There is some evidence of an inverse relationship between calcium intake and body weight. A systematic review found that among overweight or obese individuals, calcium supplementation compared to placebo produced a mean body weight loss of 0.7 kg (28-30).

Several effects attributed to calcium intake, including reduction in fatty acid absorption and an increase in fecal fatty acid content, consequently formation of insoluble calcium-fatty soaps in the gut may justify the observed decrease in total cholesterol and triglycerides in the current study (12, 31). Moreover, increase cholesterol excretion due to the increasing effect of calcium intake on conversion of cholesterol to bile acids may be another explanation (32). However, some insignificant changes in the current study could be justified according to the short duration of the current study in comparison with other conducted surveys (12, 24).

Observational studies have revealed that high serum (25(OH) D) levels are linked with a favorable lipid profile (7, 33), and one study on military personnel showed significant correlation between vitamin D and HDL (34). In addition, it has been indicated that there are significant positive relationships between serum 25(OH) D and total cholesterol, HDL and LDL levels as well as meaningful negative associations between serum 25(OH) D and both LDL-C/HDLC ratio and TG (35, 36). Although an insignificant effect of vitamin D supplementation on lipid profile was seen in some investigations, which are in accordance with the current findings (7, 37, 38), yet Heikkinenet al. suggested that vitamin D supplementation may have unfavorable effects on lipids and could be associated with increased serum LDL cholesterol (39).

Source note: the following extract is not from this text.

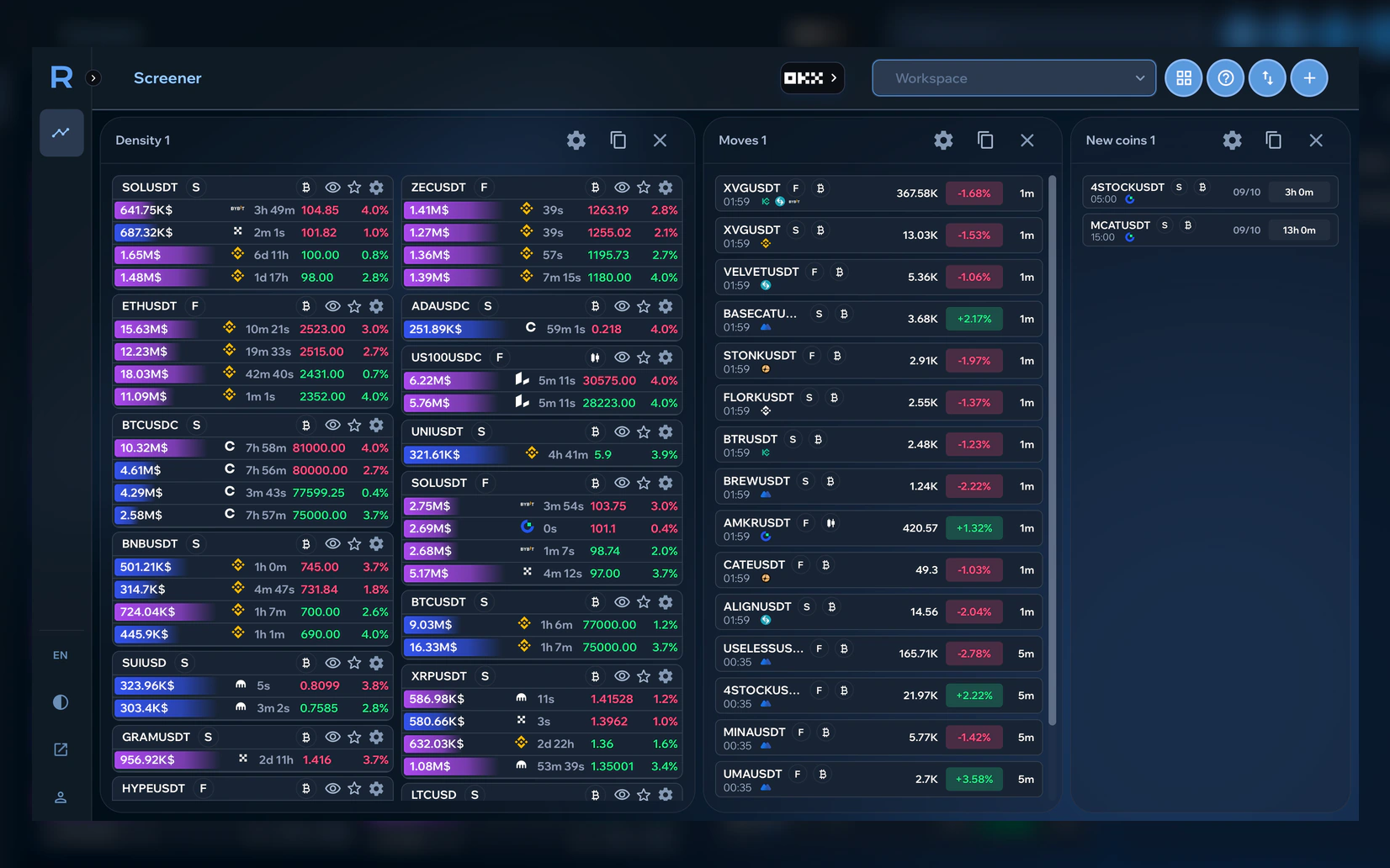 A RedScalp workspace with density cards across exchange markets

One explanation is that improved insulin sensitivity and parathyroid hormone reduction after vitamin D intake might have a role in improving the parameters of lipid profile due to decreasing effect of insulin on biosynthesis of cholesterol via increased b-hydroxy-b-methylglutaryl coenzyme A reductase (HMG- CoA reductase) activity, which is a rate-controlling enzyme in the pathway of producing cholesterol (7, 11, 40).

Performing a study in different scientific fields has its own limits, similarly, there are limitations in the current study. Approving the usefulness of calcium and vitamin D supplementation on improvement of lipid profile and body weight may need a longer period of intervention.

4.1. Conclusion

It seems that Ca or Ca plus Vit D supplements decrease triglycerides, total Cholesterol, LDL, and body weight in overweight patients.